Ce texte fait partie du cahier spécial Recherche
On parle beaucoup du réchauffement global de la planète, mais connaît-on les effets de notre environnement local sur le climat ? À l’UQAM, une équipe de chercheurs lance un nouveau projet de recherche participative, dénommé Collect’O. En installant 100 collecteurs d’échantillons de précipitations dans le Grand Montréal pendant un an, elle cherche à mieux comprendre les effets de la ville sur les ressources en eau. Les citoyens sont invités à participer à la collecte d’échantillons.
« Montréal est le meilleur terrain dans l’est du Canada pour comprendre l’impact du milieu urbain sur les schémas de précipitations », lance Florent Barbecot, professeur au Département des sciences de la Terre et de l’atmosphère de l’UQAM et titulaire de la Chaire de recherche en hydrogéologie urbaine. Il ne cache pas son enthousiasme pour le projet de recherche qu’il coordonne avec la doctorante en sciences de la Terre et de l’atmosphère Cécile Carton. Après avoir comparé différentes villes de l’est du pays, la doctorante a démontré que Montréal est la plus touchée par les modifications de précipitations (pluie, grêle, verglas et neige).

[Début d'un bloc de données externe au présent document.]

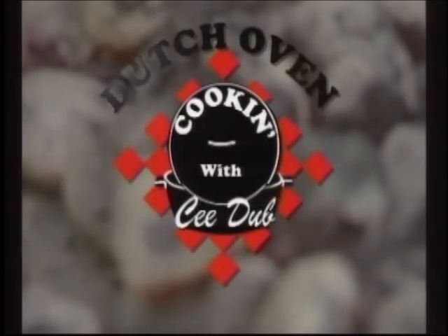It's time for Dutch Oven Cookin' with C-Dub. Here's your host, C.W. Butch Welch.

« Des études ont supposé que les principales répercussions de la ville sur les précipitations seraient liées aux îlots de chaleur, aux activités humaines (émissions de vapeur d’eau et d’aérosols) et à la morphologie de la ville, par exemple la forme et la densité des bâtiments », explique Cécile Carton. L’étude, financée par le Conseil de recherches en sciences naturelles et en génie du Canada (CRSNG) et le centre interuniversitaire de recherche Geotop, permettra d’affiner la compréhension de ces phénomènes. « Nous nous attendons à ce que ces facteurs soient en compétition, mais nous ne connaissons pas encore le poids de chacun, faute de disposer de mesures adéquates », explique Florent Barbecot.
La mémoire de l’eau
Pour mener à bien son étude, l’équipe de Collect’O dispose d’un outil précieux : un laboratoire de mesures isotopiques. « C’est un peu comme une baguette magique pour nous aider à lire des choses (évaporation, condensation…) qui ne se voient sur aucun autre traceur », décrit Florent Barbecot. En analysant les isotopes naturels de la molécule d’eau, on peut visualiser des différences infimes dans la masse des noyaux des atomes, ce qui fournit des informations importantes sur les conditions et les trajectoires des précipitations. « Les analyses isotopiques sont les seules à permettre de lire la mémoire de l’eau », résume le professeur.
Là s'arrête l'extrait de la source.